BeautifulSoup is great if you don't care about the performance at all. Because i...

sigil · on Aug 12, 2021

In my experience selectolax is about 10x faster than lxml, and keeps the familiar CSS selector API: https://rushter.com/blog/python-fast-html-parser/

guskel · on Aug 11, 2021

Does Scrapy's slow speed actually matter much? Your main bottleneck is always going to be network calls and rate limiting. I don't know how much optimization can help there.

traverseda · on Aug 11, 2021

Selectolax is nice, much faster than bs4 or lxml. Not a very well known project yet though.

Not sure there's anything faster on the javascript side of the fence?

polote · on Aug 11, 2021

If they beat lxml it is pretty impressive. Too bad that they don't support xpath

f311a · on Aug 11, 2021

Libxml is pretty slow (lxml uses it). Selectolax is 5 times faster for simple CSS queries. It is basically a thin wrapper for a well optimized HTML parser written in C.
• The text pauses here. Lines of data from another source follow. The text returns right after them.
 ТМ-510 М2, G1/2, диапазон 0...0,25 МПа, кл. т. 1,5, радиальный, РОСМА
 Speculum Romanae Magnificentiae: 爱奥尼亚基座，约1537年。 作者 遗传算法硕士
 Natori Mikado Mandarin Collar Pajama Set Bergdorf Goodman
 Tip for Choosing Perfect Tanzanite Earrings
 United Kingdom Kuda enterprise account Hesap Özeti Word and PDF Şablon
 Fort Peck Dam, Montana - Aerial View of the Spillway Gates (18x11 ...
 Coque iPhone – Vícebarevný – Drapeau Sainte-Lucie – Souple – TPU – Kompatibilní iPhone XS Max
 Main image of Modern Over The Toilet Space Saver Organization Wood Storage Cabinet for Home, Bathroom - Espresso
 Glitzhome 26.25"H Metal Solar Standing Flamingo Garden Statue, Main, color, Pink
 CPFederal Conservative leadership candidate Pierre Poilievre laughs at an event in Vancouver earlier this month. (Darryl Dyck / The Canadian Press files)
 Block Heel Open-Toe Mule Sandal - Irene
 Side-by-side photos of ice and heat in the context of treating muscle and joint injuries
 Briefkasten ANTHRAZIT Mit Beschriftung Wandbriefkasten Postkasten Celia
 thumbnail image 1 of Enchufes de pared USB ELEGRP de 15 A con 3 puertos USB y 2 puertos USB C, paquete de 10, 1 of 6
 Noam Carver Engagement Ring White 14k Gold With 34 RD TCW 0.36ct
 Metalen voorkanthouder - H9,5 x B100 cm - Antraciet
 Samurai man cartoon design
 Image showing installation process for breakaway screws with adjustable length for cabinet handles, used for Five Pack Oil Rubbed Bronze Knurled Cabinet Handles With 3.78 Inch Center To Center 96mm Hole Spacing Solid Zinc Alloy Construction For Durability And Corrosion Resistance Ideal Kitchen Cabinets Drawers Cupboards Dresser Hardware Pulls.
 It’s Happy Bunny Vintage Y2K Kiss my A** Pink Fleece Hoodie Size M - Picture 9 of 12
dec0dedab0de · on Aug 11, 2021

Beautiful Soup can use lxml, and does by default for parsing xml.

polote · on Aug 11, 2021

There is a big speed difference between lxml alone and lxml + bs4

dec0dedab0de · on Aug 12, 2021

I was unaware, I always use bs4 with lxml for parsing xml just because I like the interface. For what I'm doing, the bottleneck is the remote system/network, so it doesn't really matter. But now I'm curious about which parts are slower and why. Maybe I'll run some experiments later.

Marazan · on Aug 11, 2021

Yes, the difference is infinite with broken HTML which is checks notes a huge chunk of the Internet.